Integration With KeemenaPreprocessing
KeemenaSubwords tokenizers are callable and work with KeemenaPreprocessing's callable tokenizer contract.
using KeemenaPreprocessing
using KeemenaSubwords
tokenizer = load_tokenizer(:core_bpe_en)
cfg = PreprocessConfiguration(tokenizer_name = keemena_callable(tokenizer))
bundle = preprocess_corpus(["hello world", "hello keemena"]; config=cfg)
# KeemenaPreprocessing stores callable levels under Symbol(typeof(tokenizer))
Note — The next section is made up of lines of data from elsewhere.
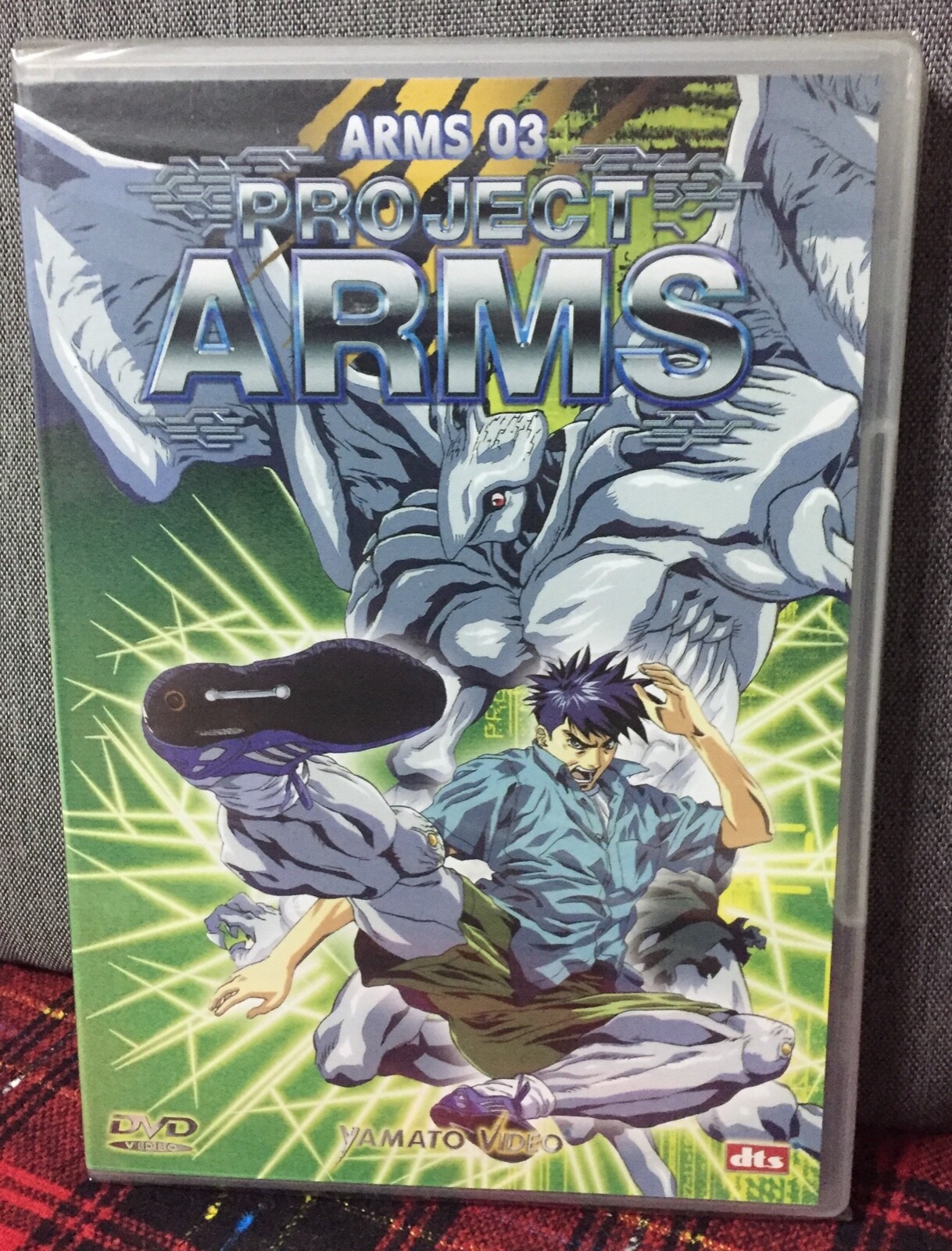 Project Arms Vol. 3 Eps. 9/12 DVD Nuovo Sigillato Yamato Video Come Da Foto N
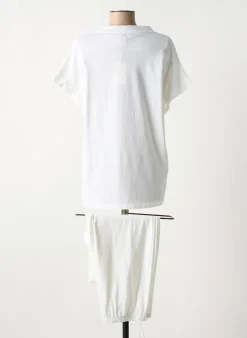 Pyjama Pluto Blanc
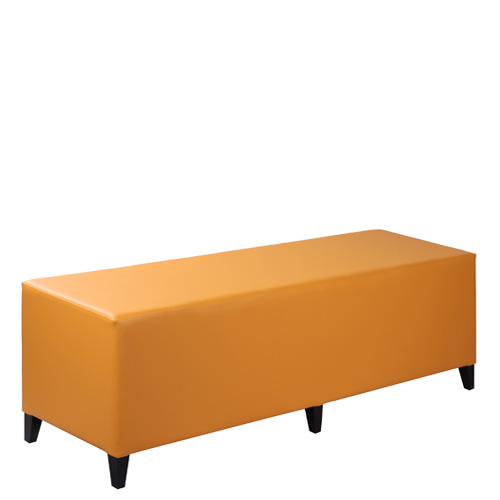 Sedací taburet čalúnený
lvl = level_key(tokenizer)
subword_corpus = get_corpus(bundle, lvl)For the normalization/offsets alignment contract (clean_text -> tokenization_text -> encode_result(...; assume_normalized=true)), see Normalization and Offsets Contract.
For onboarding context and token/id semantics, see Concepts.
Alignment rule: Use tokenization_text = tokenization_view(tokenizer, clean_text), then call encode_result(tokenizer, tokenization_text; assume_normalized=true, return_offsets=true, return_masks=true, ...). Word and subword offsets must both be interpreted in the same tokenization_text coordinate system.
See Offsets Alignment Examples for a worked subword-to-word mapping tutorial.